KAFKA

install and execute kafka from AWS

Naranjito 2020. 12. 18. 16:26

In order to practice in kafka, I created AWS instance and issued pem file.

 

 

  • chmod 400 kafka.pem 
Joses-MacBook-Pro:Downloads joohyunyoon$ chmod 400 kafka.pem 

chmod 400 : Change Mode, Gives the user read permission, and removes all other permission. These permissions are specified in octal, the first char is for the user, second for the group and the third is for other.
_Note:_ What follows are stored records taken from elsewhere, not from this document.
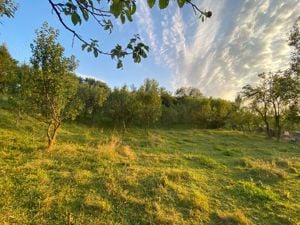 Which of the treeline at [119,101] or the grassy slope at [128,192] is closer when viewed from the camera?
the grassy slope at [128,192]

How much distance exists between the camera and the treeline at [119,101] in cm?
1388

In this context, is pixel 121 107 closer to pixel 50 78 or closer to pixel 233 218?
pixel 50 78

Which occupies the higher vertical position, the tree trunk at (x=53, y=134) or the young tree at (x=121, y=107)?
the young tree at (x=121, y=107)

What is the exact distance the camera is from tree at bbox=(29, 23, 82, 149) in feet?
45.5

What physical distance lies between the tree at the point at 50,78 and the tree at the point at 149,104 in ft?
62.0

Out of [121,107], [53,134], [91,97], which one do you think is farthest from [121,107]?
[53,134]

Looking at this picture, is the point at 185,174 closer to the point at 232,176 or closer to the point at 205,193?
the point at 205,193

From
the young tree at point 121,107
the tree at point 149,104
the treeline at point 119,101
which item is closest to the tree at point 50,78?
the treeline at point 119,101

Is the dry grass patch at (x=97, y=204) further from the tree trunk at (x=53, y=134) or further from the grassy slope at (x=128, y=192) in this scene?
the tree trunk at (x=53, y=134)

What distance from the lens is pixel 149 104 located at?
3416 centimetres

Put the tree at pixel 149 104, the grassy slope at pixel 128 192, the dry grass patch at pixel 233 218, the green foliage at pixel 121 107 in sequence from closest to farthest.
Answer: the grassy slope at pixel 128 192 → the dry grass patch at pixel 233 218 → the tree at pixel 149 104 → the green foliage at pixel 121 107

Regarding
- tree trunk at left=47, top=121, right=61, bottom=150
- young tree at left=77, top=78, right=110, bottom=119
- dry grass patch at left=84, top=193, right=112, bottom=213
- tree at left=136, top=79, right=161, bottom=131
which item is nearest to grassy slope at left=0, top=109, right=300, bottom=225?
dry grass patch at left=84, top=193, right=112, bottom=213

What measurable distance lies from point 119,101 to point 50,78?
81.1ft

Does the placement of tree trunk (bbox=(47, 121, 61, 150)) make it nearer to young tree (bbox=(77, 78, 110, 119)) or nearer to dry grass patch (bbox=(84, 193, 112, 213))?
dry grass patch (bbox=(84, 193, 112, 213))
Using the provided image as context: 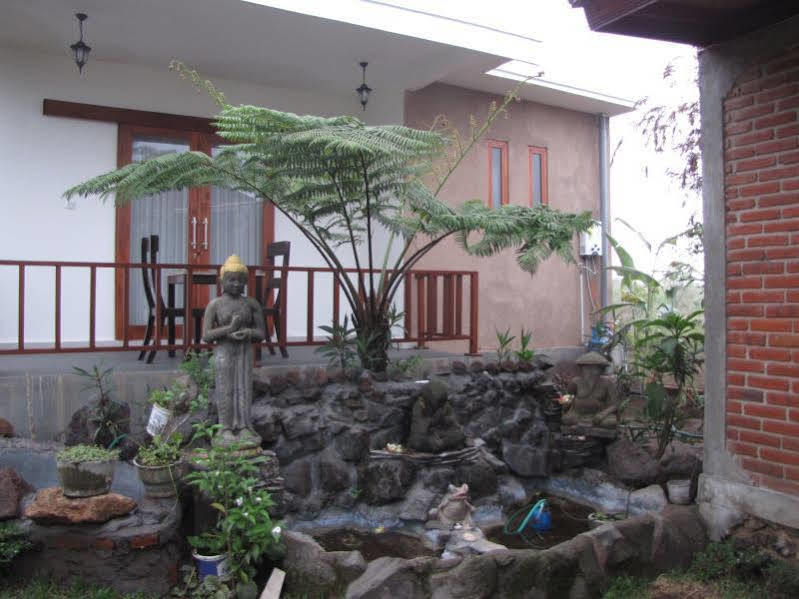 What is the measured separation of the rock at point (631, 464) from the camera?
5.30 metres

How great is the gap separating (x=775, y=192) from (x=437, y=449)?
112 inches

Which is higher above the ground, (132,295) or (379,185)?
(379,185)

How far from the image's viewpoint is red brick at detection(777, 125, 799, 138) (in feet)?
13.1

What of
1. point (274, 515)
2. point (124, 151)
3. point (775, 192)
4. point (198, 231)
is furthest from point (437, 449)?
point (124, 151)

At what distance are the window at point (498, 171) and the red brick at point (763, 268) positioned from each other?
5424 mm

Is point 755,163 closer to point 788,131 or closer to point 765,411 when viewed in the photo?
point 788,131

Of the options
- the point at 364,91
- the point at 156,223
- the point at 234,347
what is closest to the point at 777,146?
the point at 234,347

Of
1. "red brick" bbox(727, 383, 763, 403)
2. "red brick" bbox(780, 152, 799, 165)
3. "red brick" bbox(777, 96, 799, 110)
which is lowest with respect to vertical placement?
"red brick" bbox(727, 383, 763, 403)

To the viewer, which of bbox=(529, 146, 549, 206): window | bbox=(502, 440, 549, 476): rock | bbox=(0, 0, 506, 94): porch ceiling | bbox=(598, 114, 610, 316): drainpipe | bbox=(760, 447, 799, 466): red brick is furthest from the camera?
bbox=(598, 114, 610, 316): drainpipe

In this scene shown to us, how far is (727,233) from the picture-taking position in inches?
173

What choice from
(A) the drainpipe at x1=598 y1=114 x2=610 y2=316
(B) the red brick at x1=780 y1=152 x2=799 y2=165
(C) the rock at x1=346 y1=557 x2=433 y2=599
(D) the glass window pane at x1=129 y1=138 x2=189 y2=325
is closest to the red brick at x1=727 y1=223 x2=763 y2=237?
(B) the red brick at x1=780 y1=152 x2=799 y2=165

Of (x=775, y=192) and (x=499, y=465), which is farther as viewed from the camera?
(x=499, y=465)

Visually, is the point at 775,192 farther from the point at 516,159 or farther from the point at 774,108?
the point at 516,159

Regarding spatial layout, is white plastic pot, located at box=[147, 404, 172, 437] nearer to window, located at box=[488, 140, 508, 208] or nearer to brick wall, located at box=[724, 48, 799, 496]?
brick wall, located at box=[724, 48, 799, 496] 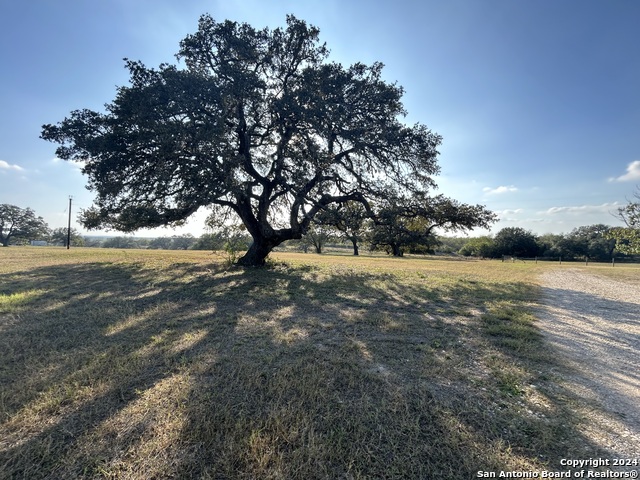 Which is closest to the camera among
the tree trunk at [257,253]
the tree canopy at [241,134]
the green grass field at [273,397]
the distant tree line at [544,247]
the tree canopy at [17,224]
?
the green grass field at [273,397]

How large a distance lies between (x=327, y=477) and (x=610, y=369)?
4223 mm

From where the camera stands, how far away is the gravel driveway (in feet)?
7.91

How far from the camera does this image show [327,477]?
184 cm

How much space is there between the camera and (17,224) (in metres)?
64.6

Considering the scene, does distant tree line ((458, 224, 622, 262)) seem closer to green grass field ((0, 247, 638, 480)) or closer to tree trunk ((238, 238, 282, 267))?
tree trunk ((238, 238, 282, 267))

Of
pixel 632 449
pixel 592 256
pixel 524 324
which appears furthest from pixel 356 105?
pixel 592 256

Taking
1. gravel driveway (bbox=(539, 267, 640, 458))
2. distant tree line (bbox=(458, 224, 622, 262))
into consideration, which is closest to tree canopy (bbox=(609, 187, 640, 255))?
gravel driveway (bbox=(539, 267, 640, 458))

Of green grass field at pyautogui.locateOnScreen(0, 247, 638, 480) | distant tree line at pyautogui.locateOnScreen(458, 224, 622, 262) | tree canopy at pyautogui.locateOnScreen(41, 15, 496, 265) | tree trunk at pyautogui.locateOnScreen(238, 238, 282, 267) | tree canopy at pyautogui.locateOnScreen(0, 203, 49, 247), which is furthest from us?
tree canopy at pyautogui.locateOnScreen(0, 203, 49, 247)

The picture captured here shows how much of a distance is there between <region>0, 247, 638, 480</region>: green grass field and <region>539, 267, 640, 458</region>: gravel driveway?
191 mm

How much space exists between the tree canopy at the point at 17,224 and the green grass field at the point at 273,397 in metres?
85.9

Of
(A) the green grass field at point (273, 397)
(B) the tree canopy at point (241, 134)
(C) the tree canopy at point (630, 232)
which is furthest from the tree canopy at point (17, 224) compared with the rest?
(C) the tree canopy at point (630, 232)

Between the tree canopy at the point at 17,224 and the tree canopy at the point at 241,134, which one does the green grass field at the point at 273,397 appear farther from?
the tree canopy at the point at 17,224

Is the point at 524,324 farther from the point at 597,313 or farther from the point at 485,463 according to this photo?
the point at 485,463

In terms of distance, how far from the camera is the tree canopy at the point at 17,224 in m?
62.8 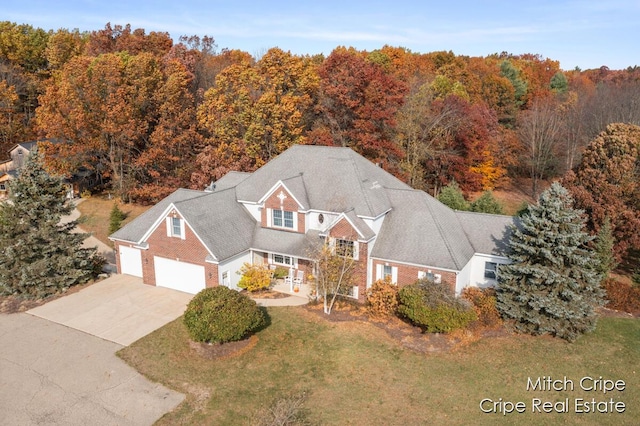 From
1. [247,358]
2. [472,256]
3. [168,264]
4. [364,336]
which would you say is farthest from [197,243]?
[472,256]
The high bit (4) is for read access, the middle bit (2) os for write access, and the low bit (1) is for execute access.

 

 

  • ssh -i kafka.pem ec2-user@my AWS Public IP

 

Hey, let me connect to my AWS Public IP. 

 

Joses-MacBook-Pro:Downloads joohyunyoon$ ssh -i kafka.pem ec2-user@my AWS Public IP
The authenticity of host 'my AWS Public IP (my AWS Public IP)' can't be established.
ECDSA key fingerprint is SHA256:U991ew4uc8UMRNJn41fF93sAErb5QgeNDkVUOyyVdd0.
Are you sure you want to continue connecting (yes/no)? yes
Warning: Permanently added 'my AWS Public IP' (ECDSA) to the list of known hosts.

       __|  __|_  )
       _|  (     /   Amazon Linux 2 AMI
      ___|\___|___|

https://aws.amazon.com/amazon-linux-2/
7 package(s) needed for security, out of 19 available
Run "sudo yum update" to apply all updates.

...

[ec2-user@ip-172-31-44-61 ~]$

ssh : Secure Shell which is a network communication protocol that enables two computers to communicate and share data

 

-i : identity_file [-J [user@]host[:port]] [-L address]
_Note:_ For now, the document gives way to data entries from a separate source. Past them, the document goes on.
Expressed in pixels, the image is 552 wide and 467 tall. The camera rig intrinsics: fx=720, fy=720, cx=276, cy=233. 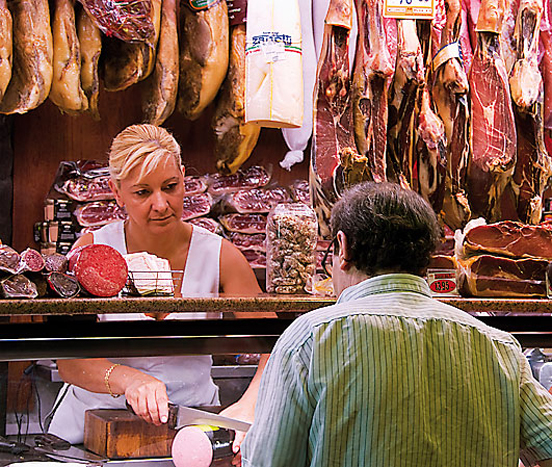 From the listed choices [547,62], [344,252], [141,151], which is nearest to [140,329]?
[344,252]

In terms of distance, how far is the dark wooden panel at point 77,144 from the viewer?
3.60m

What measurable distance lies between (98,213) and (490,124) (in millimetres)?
1875

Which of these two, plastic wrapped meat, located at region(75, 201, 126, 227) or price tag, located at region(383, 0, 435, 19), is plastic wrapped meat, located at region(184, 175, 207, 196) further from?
price tag, located at region(383, 0, 435, 19)

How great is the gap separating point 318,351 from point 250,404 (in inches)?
27.8

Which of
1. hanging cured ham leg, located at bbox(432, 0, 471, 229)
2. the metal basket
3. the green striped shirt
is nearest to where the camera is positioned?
the green striped shirt

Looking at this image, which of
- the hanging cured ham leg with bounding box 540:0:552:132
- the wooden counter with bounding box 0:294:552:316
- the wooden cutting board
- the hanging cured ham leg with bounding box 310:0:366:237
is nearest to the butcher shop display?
the wooden counter with bounding box 0:294:552:316

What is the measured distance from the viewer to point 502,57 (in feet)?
10.5

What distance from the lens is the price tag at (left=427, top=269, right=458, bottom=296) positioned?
2443 mm

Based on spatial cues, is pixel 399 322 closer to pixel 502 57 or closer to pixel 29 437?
pixel 29 437

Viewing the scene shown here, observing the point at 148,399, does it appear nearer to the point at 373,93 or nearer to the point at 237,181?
the point at 373,93

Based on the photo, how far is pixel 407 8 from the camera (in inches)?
115

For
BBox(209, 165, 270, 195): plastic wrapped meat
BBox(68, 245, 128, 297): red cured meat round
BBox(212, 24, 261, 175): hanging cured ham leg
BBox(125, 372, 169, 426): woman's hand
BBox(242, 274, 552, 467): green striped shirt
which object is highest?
BBox(212, 24, 261, 175): hanging cured ham leg

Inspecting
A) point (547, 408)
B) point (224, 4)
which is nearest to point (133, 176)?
point (224, 4)

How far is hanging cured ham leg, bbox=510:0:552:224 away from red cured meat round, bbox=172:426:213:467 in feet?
6.10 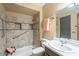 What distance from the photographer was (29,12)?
58.6 inches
In my case, identity_file is kafka.pem, user is ec2-user which is user name used in AMI OS, address is my AWS Public IPv4 address my AWS Public IP

 

 

  • sudo yum install -y java-1.8.0-openjdk-devel.x86_64

Kafka requires to use jdk.

[ec2-user@ip-172-31-44-61 ~]$ sudo yum install -y java-1.8.0-openjdk-devel.x86_64
Failed to set locale, defaulting to C
Loaded plugins: extras_suggestions, langpacks, priorities, update-motd
amzn2-core                                                    | 3.7 kB  00:00:00 

...

  xorg-x11-fonts-Type1.noarch 0:7.5-9.amzn2                                          

Complete!

yum : Yellodog Update Modified, open source command line package management utility for computers running the Linux using RPM.

 

This guy requires another one, kafka binary file in order to run this guy.
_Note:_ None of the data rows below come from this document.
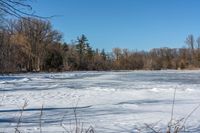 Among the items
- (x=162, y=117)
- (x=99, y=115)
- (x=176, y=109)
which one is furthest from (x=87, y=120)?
(x=176, y=109)

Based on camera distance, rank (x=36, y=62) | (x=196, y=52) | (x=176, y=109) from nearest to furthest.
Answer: (x=176, y=109) < (x=36, y=62) < (x=196, y=52)

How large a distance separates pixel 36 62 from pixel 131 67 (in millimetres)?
31864

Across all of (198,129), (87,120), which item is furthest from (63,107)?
(198,129)

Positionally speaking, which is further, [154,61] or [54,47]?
[154,61]

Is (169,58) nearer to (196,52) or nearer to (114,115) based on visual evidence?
(196,52)

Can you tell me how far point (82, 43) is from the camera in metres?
94.0

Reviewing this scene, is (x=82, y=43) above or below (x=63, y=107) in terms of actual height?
above

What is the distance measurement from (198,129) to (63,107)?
4.94 m

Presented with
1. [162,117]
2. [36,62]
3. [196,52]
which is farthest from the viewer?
[196,52]

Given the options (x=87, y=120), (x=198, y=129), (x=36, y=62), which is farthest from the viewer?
(x=36, y=62)

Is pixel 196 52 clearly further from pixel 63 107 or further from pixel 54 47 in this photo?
pixel 63 107

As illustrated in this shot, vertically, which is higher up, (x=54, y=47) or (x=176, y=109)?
(x=54, y=47)

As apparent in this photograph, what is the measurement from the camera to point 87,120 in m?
9.32

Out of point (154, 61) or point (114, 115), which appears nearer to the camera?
point (114, 115) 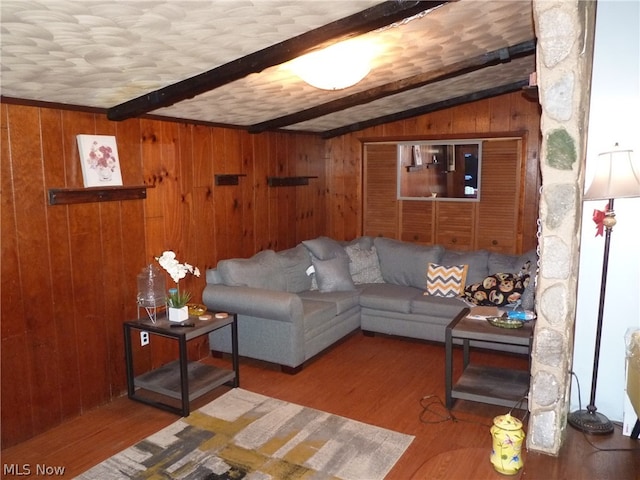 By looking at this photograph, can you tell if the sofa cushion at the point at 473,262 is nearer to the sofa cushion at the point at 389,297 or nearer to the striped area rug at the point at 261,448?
the sofa cushion at the point at 389,297

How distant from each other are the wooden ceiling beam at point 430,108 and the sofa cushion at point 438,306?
1969 mm

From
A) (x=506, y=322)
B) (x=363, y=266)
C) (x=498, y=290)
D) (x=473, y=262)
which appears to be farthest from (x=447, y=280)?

[ec2-user@ip-172-31-44-61 ~]$ wget http://mirror.navercorp.com/apache/kafka/2.5.0/kafka_2.12-2.5.0.tgz
--2020-12-18 05:24:20--  http://mirror.navercorp.com/apache/kafka/2.5.0/kafka_2.12-2.5.0.tgz
Resolving mirror.navercorp.com (mirror.navercorp.com)... 125.209.216.167
Connecting to mirror.navercorp.com (mirror.navercorp.com)|125.209.216.167|:80... connected.
HTTP request sent, awaiting response... 200 OK
Length: 61604633 (59M) [application/octet-stream]
Saving to: 'kafka_2.12-2.5.0.tgz'

100%[===========================================>] 61,604,633   102MB/s   in 0.6s   

2020-12-18 05:24:20 (102 MB/s) - 'kafka_2.12-2.5.0.tgz' saved [61604633/61604633]

 

 

  • tar xvf kafka_2.12-2.5.0.tgz

I am going to deconstruct you!

[ec2-user@ip-172-31-44-61 ~]$ tar xvf kafka_2.12-2.5.0.tgz 
kafka_2.12-2.5.0/
kafka_2.12-2.5.0/LICENSE
kafka_2.12-2.5.0/NOTICE
...

tar : Tape Archive, used to rip a collection of files and directories into highly compressed archive file

 

x : Extract

v : Verbose

f : List

 

 

  • export KAFKA_HEAP_OPTS="-Xmx400m -Xms400m"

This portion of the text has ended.